F. P.-R. : Contrairement à de très nombreux sites, Parisiens du bout du monde a pour ambition de parler de tout le monde à chacun d'entre nous : les Belges ont autant leur place ici que les Chinois, les Béninois, les Australiens ou les Guatémaltèques ! Sur le contenu lui-même, nous avons divisé notre site en trois grandes séquences. « Analyses » explique comment les cultures s'influencent, se modifient et s'enrichissent au contact des autres. L'internaute y trouve des articles en lien avec l'actualité et des enquêtes de fond sur un sujet. Il peut ainsi lire un article sur les couples mixtes, un entretien réalisé avec le président de Médecins du Monde, consacré à leur pétition sur les liaisons dangereuses entre immigration et médecine ou une analyse de la politique migratoire de la France par un conseiller du président Nicolas Sarkozy. Nous privilégions le « bien informé » au « vite informé ». Avec « Communautés et cultures », nous mettons l'accent sur la richesse des cultures étrangères à Paris avec un agenda culturel hebdomadaire, des lieux et des produits à découvrir. Enfin, nos « Portraits » permettent de mettre des visages et des parcours sur la richesse humaine de la capitale.

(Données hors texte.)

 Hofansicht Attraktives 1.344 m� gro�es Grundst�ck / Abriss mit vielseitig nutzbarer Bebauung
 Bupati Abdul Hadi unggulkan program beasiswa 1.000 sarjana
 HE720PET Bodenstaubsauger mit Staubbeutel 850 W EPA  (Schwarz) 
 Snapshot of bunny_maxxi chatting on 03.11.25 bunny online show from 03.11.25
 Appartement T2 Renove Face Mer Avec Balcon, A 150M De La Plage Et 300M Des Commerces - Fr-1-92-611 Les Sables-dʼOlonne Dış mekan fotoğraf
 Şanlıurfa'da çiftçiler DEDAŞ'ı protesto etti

Pourquoi avoir choisi de circonscrire vos enquêtes et autres portraits à Paris seulement ?
F. P.-R. : Tout simplement parce que Paris concentre toutes les facettes de l'immigration et regroupe la plupart des cultures étrangères présentes en France. Certes, nous avons choisi de nous limiter géographiquement à Paris, mais, humainement, nous parlons de la France et de toute sa diversité. Nous projetons néanmoins de créer un réseau de sites similaires à celui-là dans d'autres villes françaises et de parler de leurs spécificités en matière d'immigration.
Qu'apporte selon vous les immigrations et les immigrés de toutes origines à la ville de Paris ?

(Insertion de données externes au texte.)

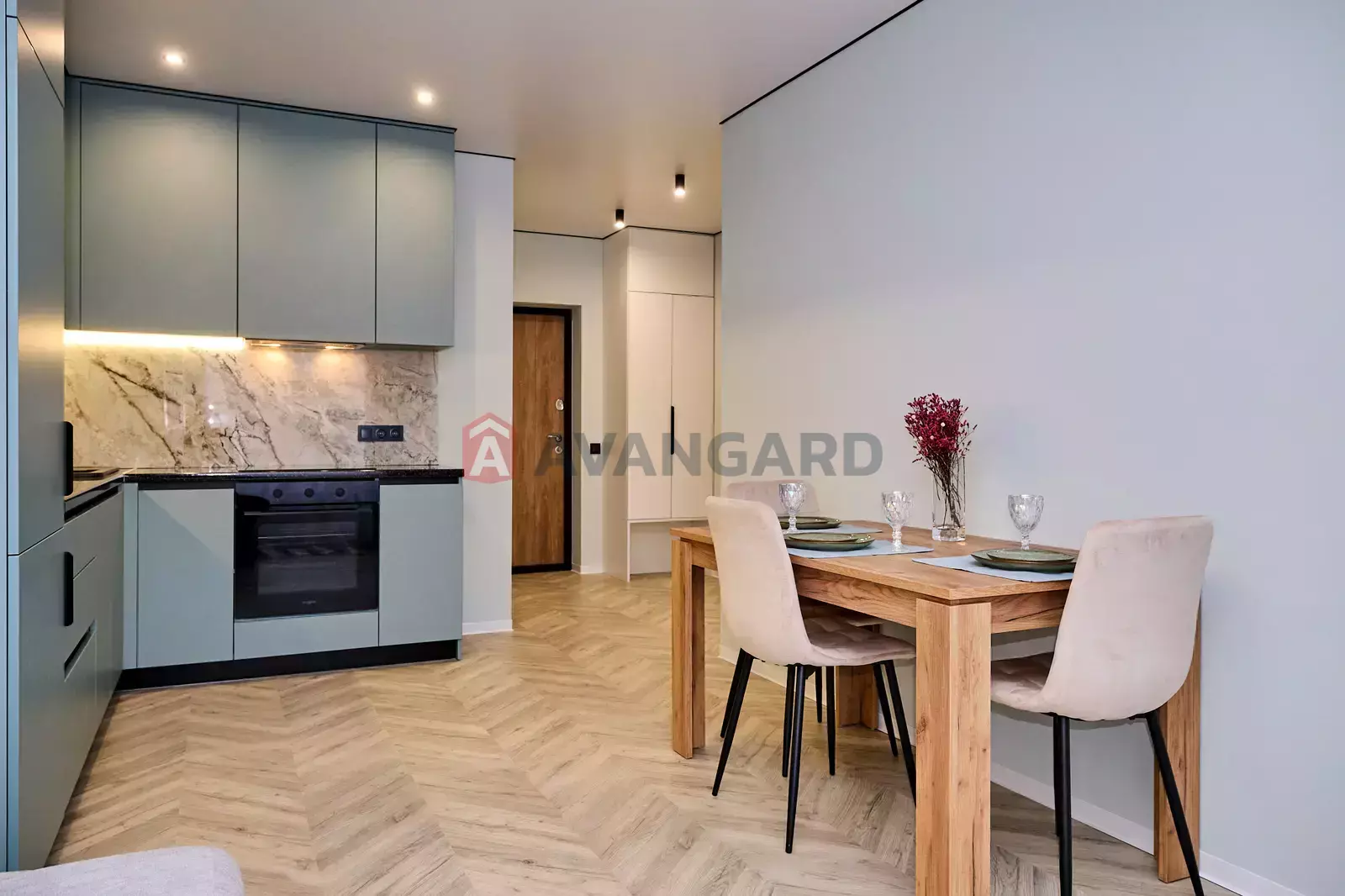 1 ��. ��������, 43/-/18 ��. �., 20/23 ������ ���� 14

F. P.-R. : Paris est une ville d'immigrés ! En 1999, 23% des parisiens sont nés à l'étranger et 32% ont vu le jour en province. Le parisien de souche est rare ! Quant à la concentration des personnes d'origine étrangère dans la capitale, elle est exceptionnelle : 9,4% des étrangers y résident alors même que la population parisienne ne représente que 3,6% de la population française dans son ensemble. Autrement dit, il est difficile d'extraire des éléments particuliers et significatifs de l'apport des immigrés à Paris, sauf à tomber dans l'énumération classique des restaurants, des musiques du monde, de la mode, etc. Avec près de 200 nationalités recensées, Paris est une ville multiculturelle. La véritable question est de savoir si, en 2008, Paris se vit réellement comme une entité multiculturelle.
Une sortie, un spectacle, à conseiller à nos lecteurs ?
F. P.-R. : J'ai toujours envie de conseiller deux musées remarquables : le musée Guimet, consacré aux arts asiatiques, et le musée Dapper, consacré à l'Afrique et aux Caraïbes, qui sont deux bijoux parisiens un peu oubliés avec l'ouverture du Musée du Quai Branly. Pour la sortie, je ne peux que vous conseiller d'aller écouter Laurent Viel qui adapte remarquablement les chansons de l'exceptionnel artiste d'origine belge Jacques Brel. Certes, point d'exotisme ici, mais, justement, nous voulons avec le site Parisiens du bout du monde montrer que les cultures étrangères commencent également à notre porte.